Wednesday karakteriyle ilk tanışmam çok eskiye dayanmıyor.Bu yaz kuzenlerim ,ben ve kardeşlerim bir film izlemek istiyorduk. Netflix’e girdiğimizde gözümüze “Addams Ailesi” diye bir film çarptı. Filmin animasyon halini sinemada ve reklamlarda görüyordum. Bu filmin onun daha eski versiyonu olduğunu düşündüm ki haklıydım. Filmi izledikten sonra gözüme çarpan birçok şey oldu. Morticia Addams ve Gomez Adams’ın ilişkisi bunlardan bir tanesiydi. Aynı zamanda, Wednesday karakteri daha önce pek karşılaşmadığım bir kişiliğe sahip.
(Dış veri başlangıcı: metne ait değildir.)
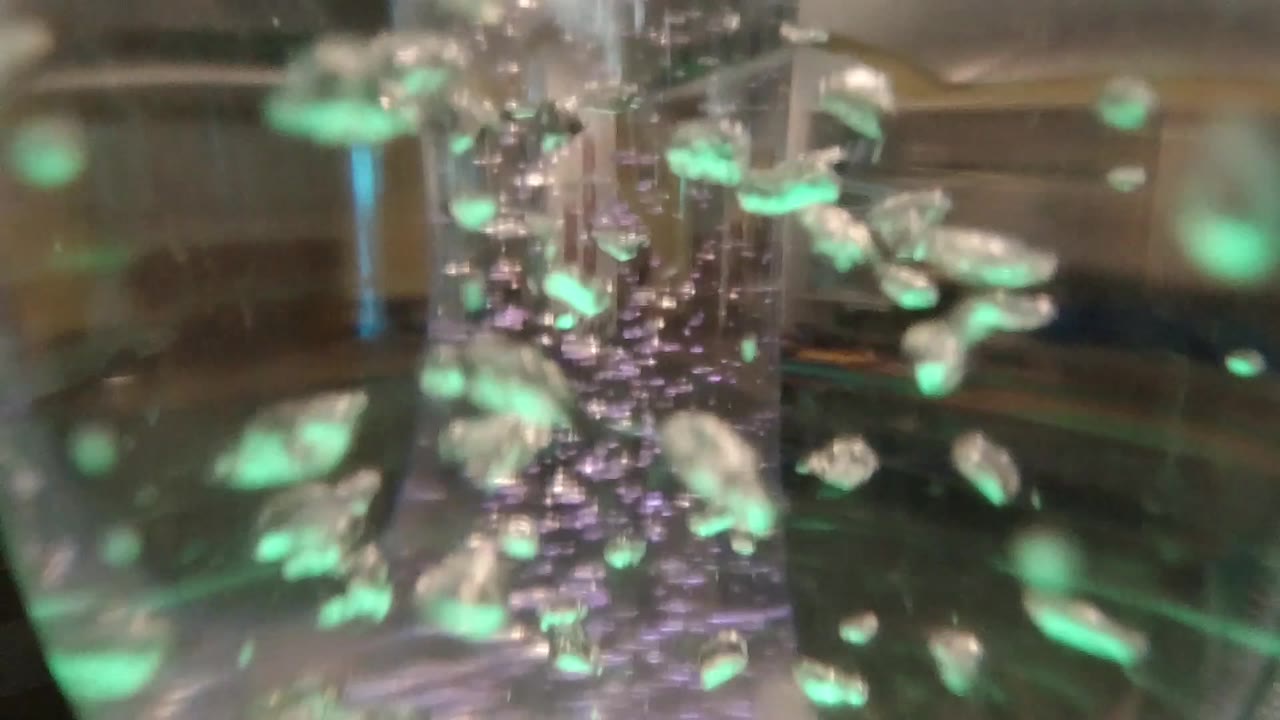 Bubbles gather around the central vertical column of the clear tube, with soft green highlights and no visible people.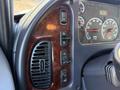 Dashboard controls of a 2011 Freightliner M2 106 featuring buttons for various functions and a vent with a wood grain pattern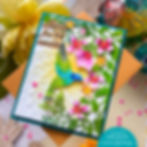Colorful handmade card with hummingbird, pink flowers, and the text Always find the sunshine on a teal and tan background.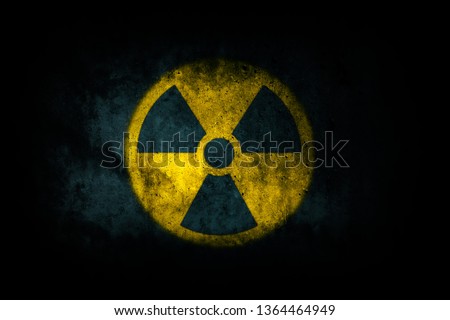 Nuclear energy radioactive (ionizing atomic radiation) round yellow symbol shape painted on massive concrete cement wall texture dark background. Nuclear radiation or radioactive alert warning danger.
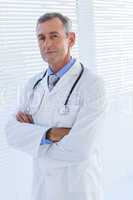 Confident male doctor looking at camera with arms crossed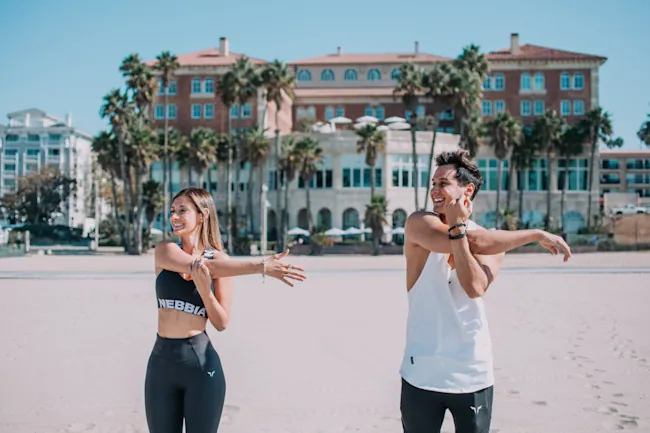 A woman and man on the beach stretching for a yoga class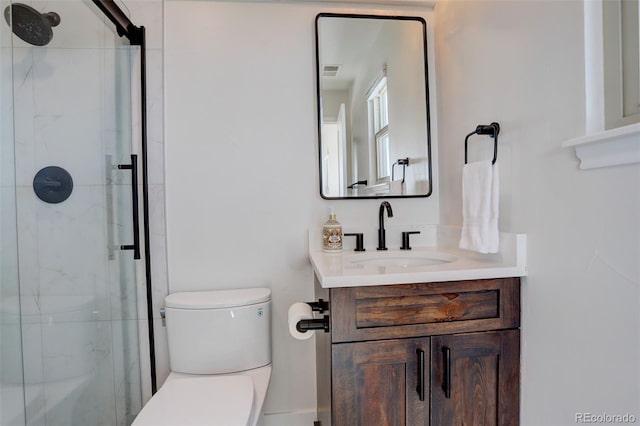 bathroom featuring vanity, an enclosed shower, and toilet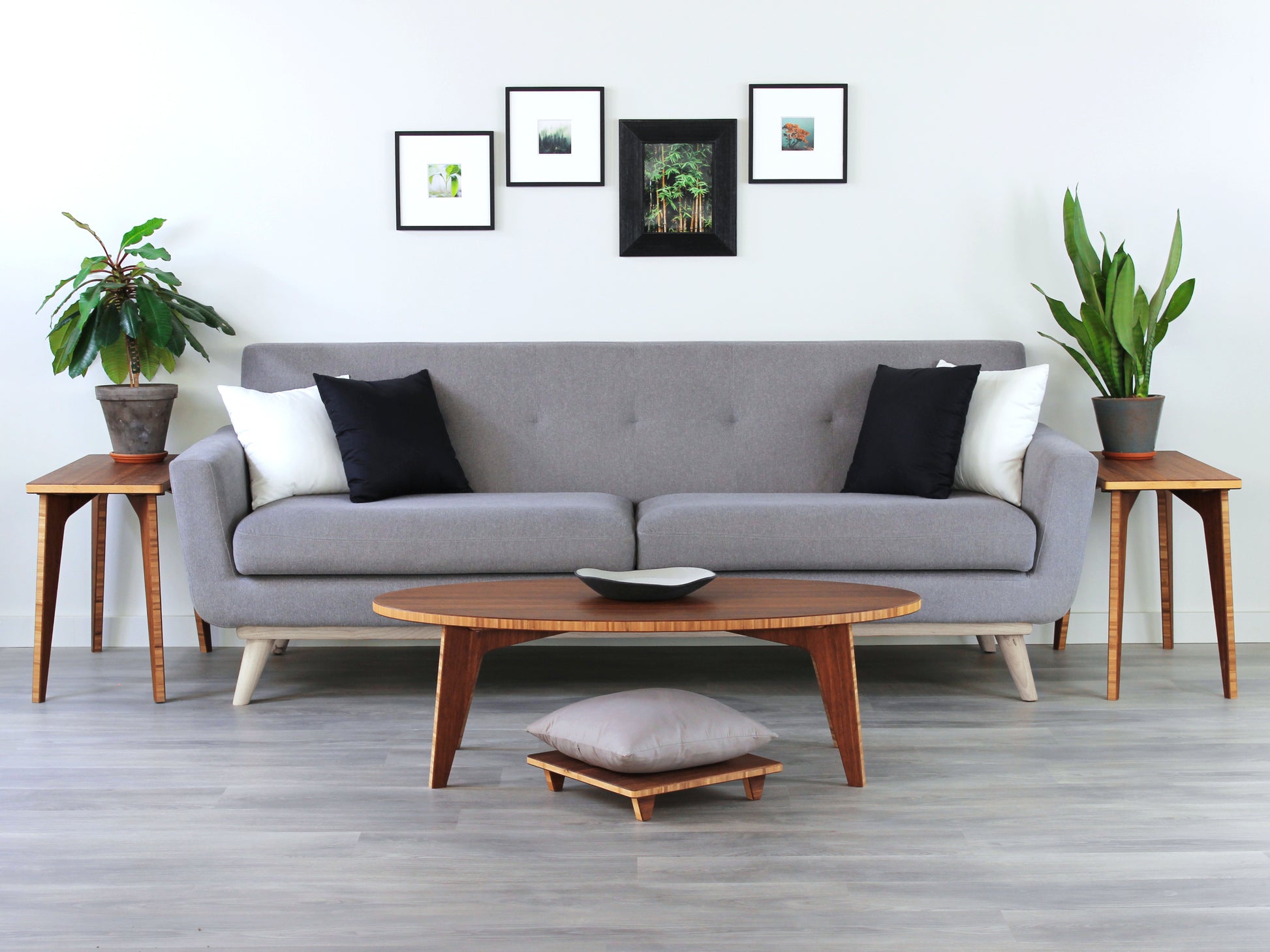 Two rectangular side tables with a chestnut finish bamboo top and legs, placed on a grey floor, with a white background. Set in a living room with grey couch, circle low table and floor chair. 
mid century
minimalist
chabudai
coffee table
side table
living room 
end tables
Hareketleri, olaylara karşı takındığı tavırları veya ağzından çıkan herhangi bir cümle bile bir hayli kabaydı ama bunları küçük bir kızın söylemesi ise bu durumu hem tuhaf, komikti ve karakteri ilgi çekici kılıyordu. Filmi izlememizden birkaç ay geçtikten sonra karşıma bir haber çıktı ve haberde Netflix’in Wednesday’in başrolünde olduğu bir dizi yayınlayacağını gördüm. Hemen internete girdim ve dizide kimler oynuyor veya daha önemlisi kim tarafından yönetildiğini gördüğümde bu dizinin bir hayli başarılı olacağını anladım.Dizinin dört bölümünün yönetmeni, birçoğumuzun küçüklüğüne damga vurmuş olan Tim Burton’dı.Tim Burton gerçek anlamıyla bu tarz filmleri yapmakta ustalaşmış çok renkli karaktere sahip bir yönetmendi. Bu iş için biçilmiş kaftandı. Tim Burton dizinin sekiz bölümünün dördünü yönetmiş. Peki genel olarak Wednesday dizisi nasıl?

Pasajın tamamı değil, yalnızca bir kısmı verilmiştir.